Poland’s finance minister has hit back at French president Emmanuel Macron’s claim that central and eastern European governments treat the EU “like a supermarket”, in the latest sign of the fractious relationship between Warsaw and Paris, reports the Financial Times.
In an interview with several European newspapers last month, Mr Macron linked Britain’s vote to leave the EU with the arrival of large numbers of workers from eastern Europe, and warned against leaders “having a cynical approach to the EU that only served as dispensing credit without respecting its values”.
His words provoked a swift backlash with Poland’s prime minister Beata Szydlo accusing him of “hostility”, and at a long-anticipated congress of Poland’s ruling Law and Justice party in the small town of Przysucha in central Poland on Saturday, Mateusz Morawiecki continued the theme.

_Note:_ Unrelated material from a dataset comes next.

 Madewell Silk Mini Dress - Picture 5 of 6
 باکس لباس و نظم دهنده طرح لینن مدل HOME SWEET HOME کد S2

“When President Macron says that he doesn’t want the EU to be like a supermarket, then I agree in 100 per cent. I also wouldn’t want the French banks, French supermarkets to be able to carry out economic activities here without barriers, and for our drivers, our carriers, our builders and consulting and IT companies, to be subjected to these restrictions and additional duties,” he said.
“It’s true that there are many Polish drivers in the car parks of Paris or Amsterdam. But on the streets of Krakow, Koszalin or Suwałki, there are also many French supermarkets, Dutch banks or German media. We can willingly switch — but I don’t know if they would like to.”
EU governments are split along east-west lines on a number of issues, ranging from the relocation of refugees to the bloc’s rules governing the conditions under which workers can be “posted” from one member state to work temporarily in another.